JEFFERSON CITY - The narrowing of injuries covered under Missouri's workers' compensation law won first round approval Wednesday night.

After two sessions and more than five and a half hours of debate, the bill was approved at 7:19 by a voice vote of those present.

The legislation would tighten the definition of what qualifies for workers' compensation. Only those injuries where the job is deemed to be the "prevailing" cause would earn benefits. Heart attacks at the workplace or car accidents while driving a company car would not qualify.

The approval marked the end of two days of intense negotiation. The bill will now be printed and submitted for formal approval in a roll call vote. After that it will move to the House.

While the bill's fundamentals remain unchanged, several notable amendments were approved. They include:

-Erasing a passage that would have removed the financial incentive for lawyers to represent employees in lawsuits against their bosses. Employees often cannot afford an attorney on their own. Without a financial reward for winning cases, lawyers would have little incentive to represent poor clients.
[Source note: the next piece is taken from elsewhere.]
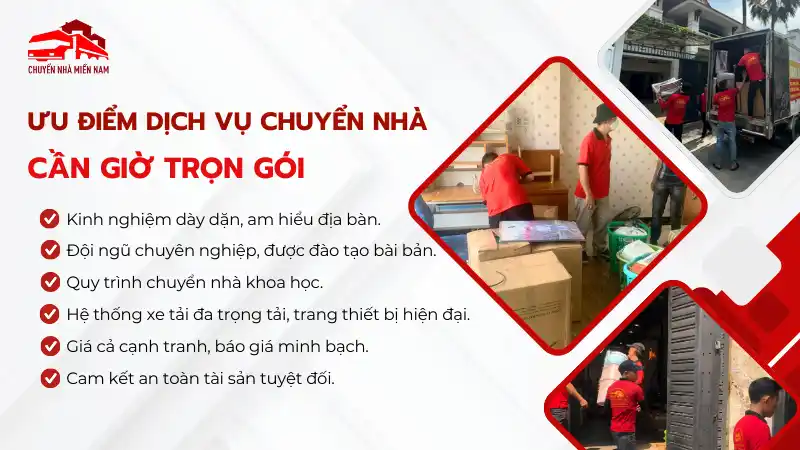 Ưu điểm dịch vụ chuyển nhà huyện Cần Giờ trọn gói Chuyển Nhà Miền Nam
-Solidifying penalties against insurance companies and employers that fail or refuse to abide by the law.

-Requiring that workers' compensation regulations be posted at a "conspicuous" location in the workplace.

Critics of the bill say it still does not address major problems in the system. One problem left unfixed, said Sen. Tim Green, D-St. Louis County, was that injured workers are waiting too long for their settlements. Many are forced to go on unemployment to pay the bills, which jeopardizes their settlement, he said.

"The injured worker wants to go back to work," Green said. "They are being neglected."

The bill, SB1, was sponsored by Sen. John Loudon, R-St. Louis County. Republicans in the capital, including Gov. Matt Blunt, claim changes are necessary to make Missouri more business friendly.

After the vote, several senators went out of their way to commend what they saw as an example of positive cooperation between the two parties.

"There are things in this bill that are still problematic," said Sen. Victor Callahan, D-Jackson County. "But this is an example of the Senate working as it should work."